Instants de magie, instants de tendresse qui se graveraient à jamais en elle. Face à Minos, Lydia demeurait muette, les yeux brillants de ce bonheur qu’elle n’avait pas le droit de toucher mais qui ne cesserait jamais d’exister.

* Aussi longtemps que les Etoiles brilleront pour servir Hadès, aussi longtemps que les Enfers n’auront pu mener à bien l’idéal ultime de notre vénéré maître, nous ne pourrons nous donner l’un à l’autre mais ce jour viendra. Le jour de l’ultime bataille viendra et les Etoiles n’auront plus pour vocation que d’éclairer les cieux et de perpétuer l’idéal de notre roi. Tout jugement, toute guerre sera alors superflue et notre amour pourra éclater au grand jour et embellir au fil des ans… *

Romantique demeurerait à jamais la splendide Chasseresse du Crépuscule, ardente et passionnée. Une force d’âme, de sentiments propres à elle. Savourant la chaleur des mains de Minos enveloppant les siennes, la douceur et la puissance de sentiments qu’elle seule connaissait, la Rose infernale ferma un instant les yeux. Rien ne pourrait jamais égaler ce qu’il venait de lui offrir : une promesse éternelle dépassant tous les autres vœux. Une promesse à laquelle elle avait répondu directement en sa pensée. Plus qu’intimes, les deux Etoiles étaient depuis toujours liées, enchaînées l’une à l’autre.

Étais-je un présent pour toi ? Un présent de notre seigneur vénéré pour te remercier de ta fidélité et de ton dévouement à son égard et ce depuis la naissance même de notre ordre…

Même si elle ne le savait, ne pourrait jamais le savoir, l’Etoile des Ténèbres se plaisait à l’imaginer.
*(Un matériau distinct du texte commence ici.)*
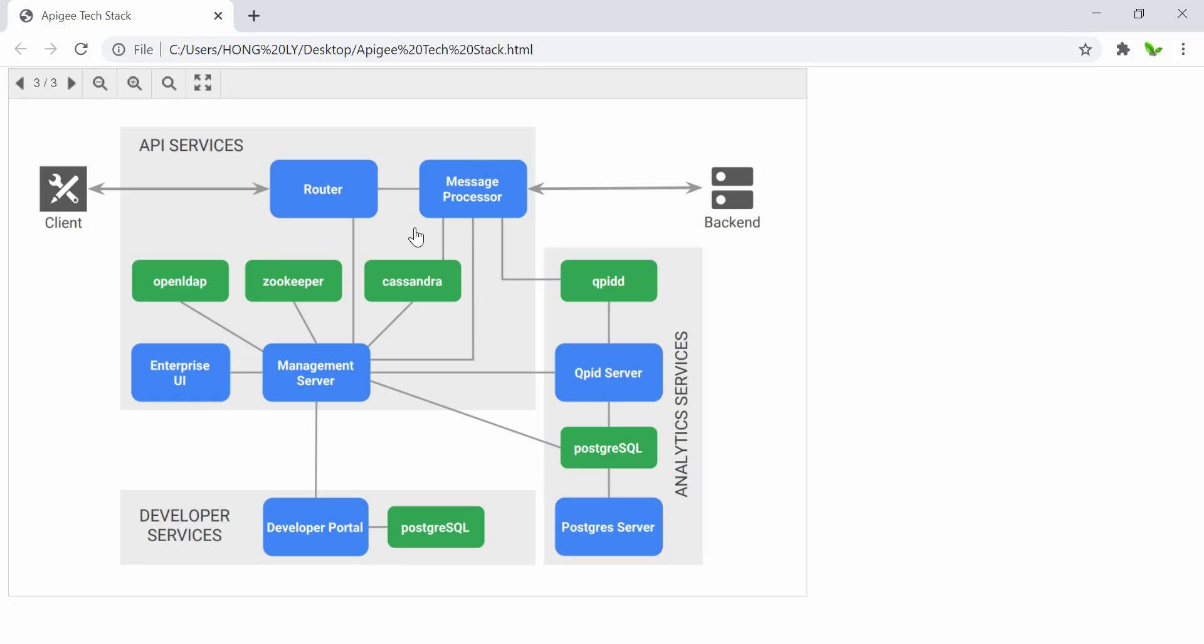The Apigee runtime data store is called Cassandra, which is right here. It is part of the critical path and is used by Apigee policies to store data during runtime execution.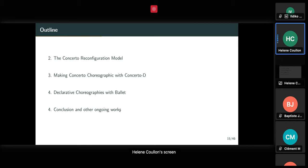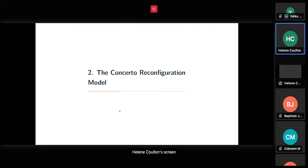In this talk, I'm going to present first the Concerto reconfiguration model — a coordination model for DevOps procedures. Then I will explain how we make Concerto choreographic, introducing what a choreography is. Finally, I will present recent work on declarative choreographies with a tool called Ballet, and then conclude.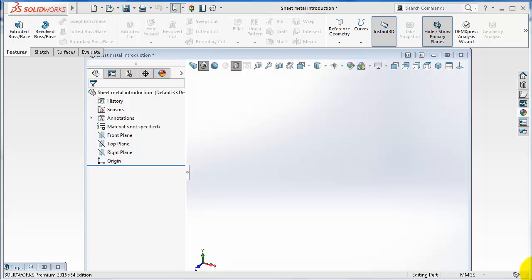Hello and welcome to the very first tutorial in Level 2 of this SOLIDWORKS course. Level 1 was the first 145 tutorials, and this is tutorial number 146. In this series, we're going to talk about the sheet metal menu.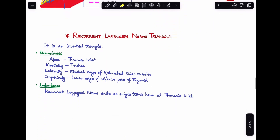The next triangle is the recurrent laryngeal nerve triangle — an inverted triangle whose apex is at the thoracic inlet. It is bounded medially by the trachea, laterally by the medial edge of the retracted strap muscles, and superiorly by the lower edge of the inferior pole of the thyroid gland. As the name suggests, the recurrent laryngeal nerve is present here and exits as a single trunk at the thoracic inlet — that is the clinical importance of this triangle.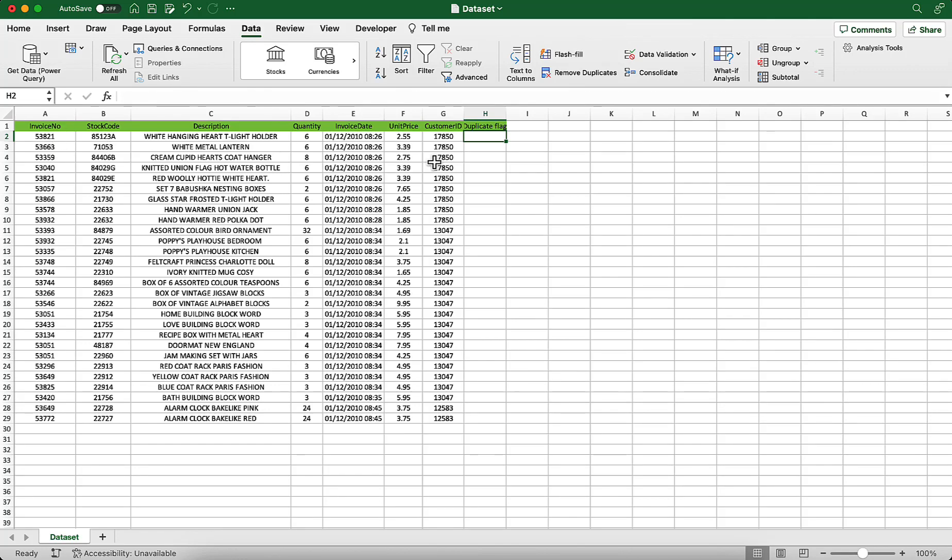Welcome to Excel with Mark. In this tutorial, I will show you how to find duplicate entries in a table.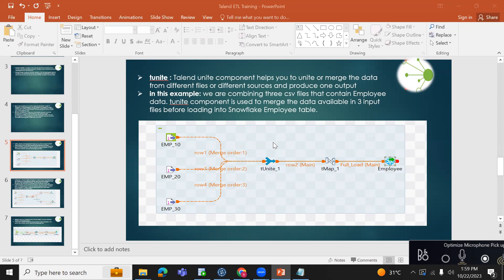Hi everyone. Today we will see how the Talon T-Unit component works. The purpose of the T-Unit component is to load data available in multiple sources or multiple files, and it acts as a union in Talon. For example, if you have a requirement to load customer data available in an Oracle database and a flat file — two different sources — you can utilize the T-Unit component, which does a union all of those two different data sources. In the following example, I have taken three flat files with different data and I want to load these three flat files into the employee table. The T-Unit component unites the data of employee 10, employee 20, and employee 30, then loads it into the employee table.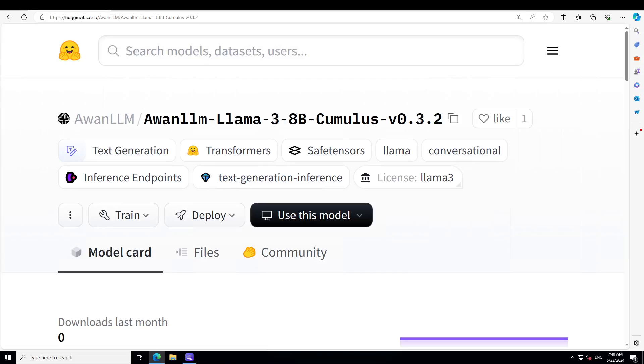Hello guys, in this video I am presenting you another fine-tuned version of Llama 3, and this time it is Cumulus version 3.2. In the past I have covered few of the Cumulus models and I have found them that they were of decent quality. So let's see how this new fine-tune of Llama 3 8 billion Cumulus works out.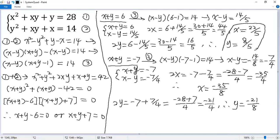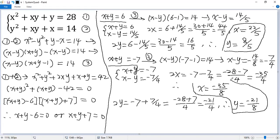So we get 2 solutions. The first one is x equals 22 over 5, y equals 8 over 5, and the second one follows from the case x plus y equals negative 7. If you like this video, please subscribe. Thank you!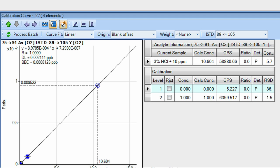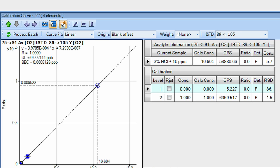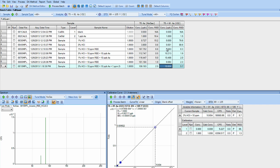In the 75 mass shift to 91 mode, we have a detection limit of two parts per trillion and 800 PPQ BEC. So now let's go and look at our data.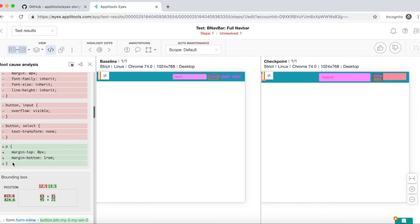Applitools RCA is both powerful and convenient. It can pinpoint the exact DOM and CSS change for you. Then all you have to do is locate the code base and do whatever is required to pass your tests. That's it for today. Hope you enjoyed the demo.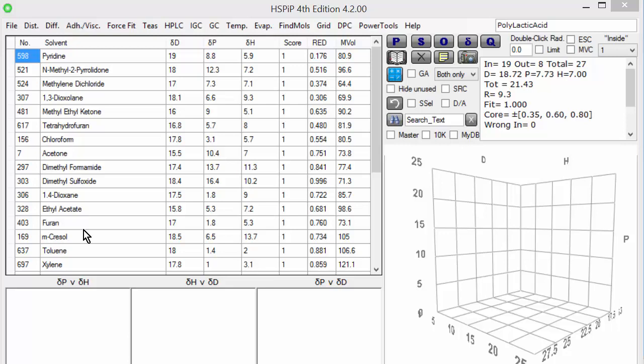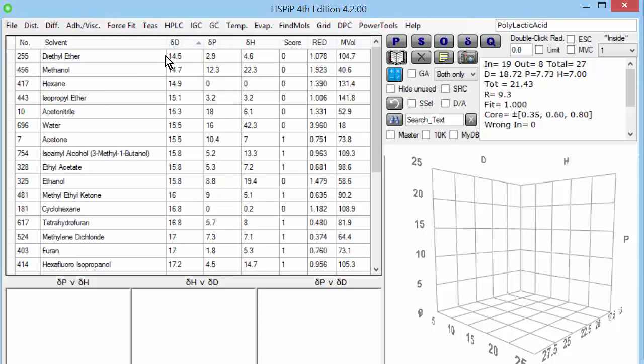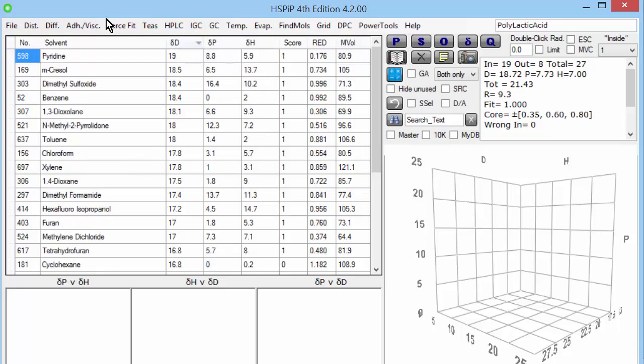I have here a selection of solvents. The reason we have them will be explained in a later video. They each have the three values of DD, DP, DH. If I click on any column in HSPIP it sorts it and now we see that diethyl ether has 14.5 DD. Methanol has got a bit more. And if I click again we have pyridine has a large amount of DD. Cresol has got less and so forth.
Après tout, même Hadès pouvait aimer, aimer au point d’encourir la fureur de Déméter. Loin, il était si loin d’être le dieu néfaste que s’imaginaient les mortels et serviteurs d’Athéna.

D’autres instants s’écoulèrent ainsi dans la quiétude d’un temple encore déserté. Paix et sérénité régnaient enfin alors que les cris de la Bête s’étaient tus en son sein. Fébrile mais non blessée, le spectre du Vampire contempla la puissante silhouette du juge qui s’éloignait avant qu’il ne revienne, visiblement surpris par sa réponse.

Surprise qui ne manqua pas d’alerter la Céleste à la chevelure de flammes qui le suivait toujours des yeux tandis qu’il revenait vers elle avant de prendre place à ses côtés.

- Amnésique ?

Un bien étrange coup du sort, effrayant sans qu’elle ne perde la tête pour autant.

- Je serais devenue amnésique à cause de la Bête…

La No-Life Queen ne pouvait que se rendre à l’évidence. Cela ne pouvait qu’être cela. Elle et la Bête étaient si entremêlées, si fusionnées que la perte de l’une ne pouvait qu’avoir des répercussions sur l’autre. Aussi, se rattachant à la voix du juge tout proche, elle acquiesça à ses paroles avant de répondre à chacune de ses questions.

- Je n’ai appris la disparition d’Asgard que suite à l’appel de notre vénéré Hadès. J’étais encore en plein sommeil dans la lointaine Ecosse quand elle est survenue. Le nom du responsable m’a été révélé en même temps ainsi que son assaut sacrilège sur les terres de l’Outre-monde.

Première réponse, vinrent ensuite les suivantes.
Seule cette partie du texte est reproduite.